Today is an unniversary of sorts for me. It was 3 years ago that I responded to being asked to move out of my house where I’d lived for 10 years with my son and my then-wife of 17 years. I moved in with my friend TJ for the next several months, at which point I began numbering my housing situations as if they were software revision numbers. Because of divorce math and the best interests of my son, I got to pay my own rent and also the full mortgage on the house for the next 20 months, after which the house was finally sold at a loss of 17 thousand US dollars.
So if you see me out this week and I seem conflicted, it’s because I am half-way celebrating and half-way pissy. I am ultimately very glad that the turn of events has helped me to see who I really am and what and whom I value in my life.

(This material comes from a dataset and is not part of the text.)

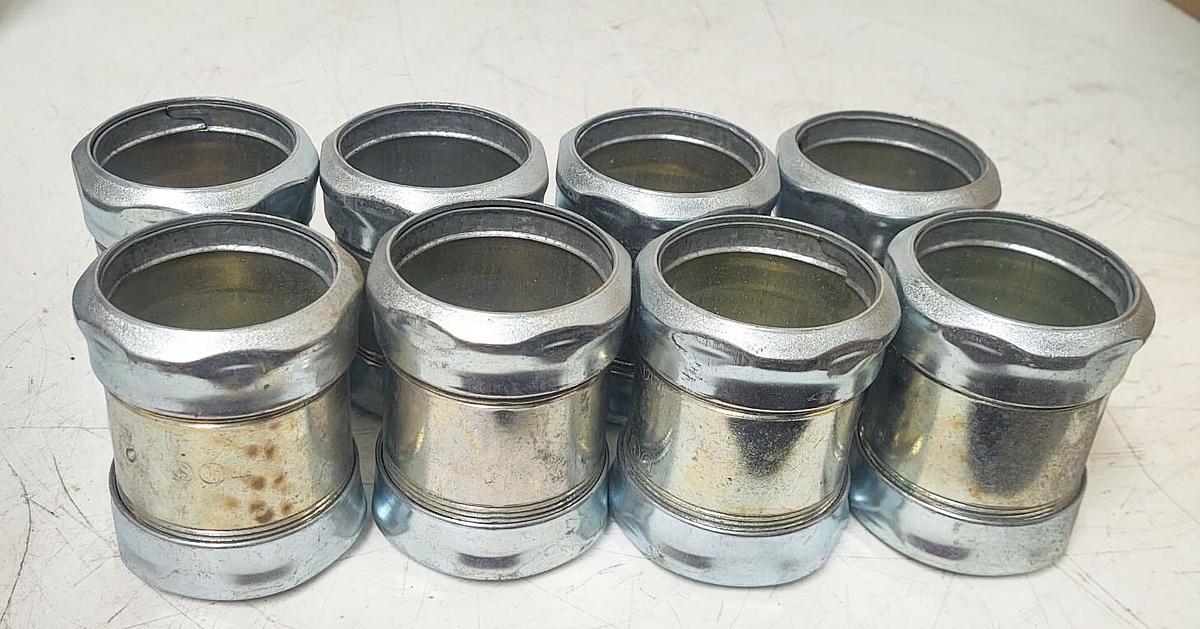 🔥(8 PCS) 2" EMT Compression Coupling Conduit Fittings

I am thankful that my health and my mind are intact (to my knowledge, at least, though some of my friends may beg to differ on the latter) and that all of this change is leading me (sometimes painfully against my so-called will) to a more peaceful recognition of who I am inside and how I spend my time when I am all by my solo, but I am also occasionally very frustrated about the continued financial and psychical costs of this knowledge.
I’ve been working (not working, actually) on a longer post about the revision numbering of my dwellings and the craziness involved in leaving my most recent residence to move into the one I’ve had since May of this year, but it seems I’ve been more content lately to have new experiences than to write about past experiences. That is all.
Shortest/quickest post yet. Look, ma, no edits!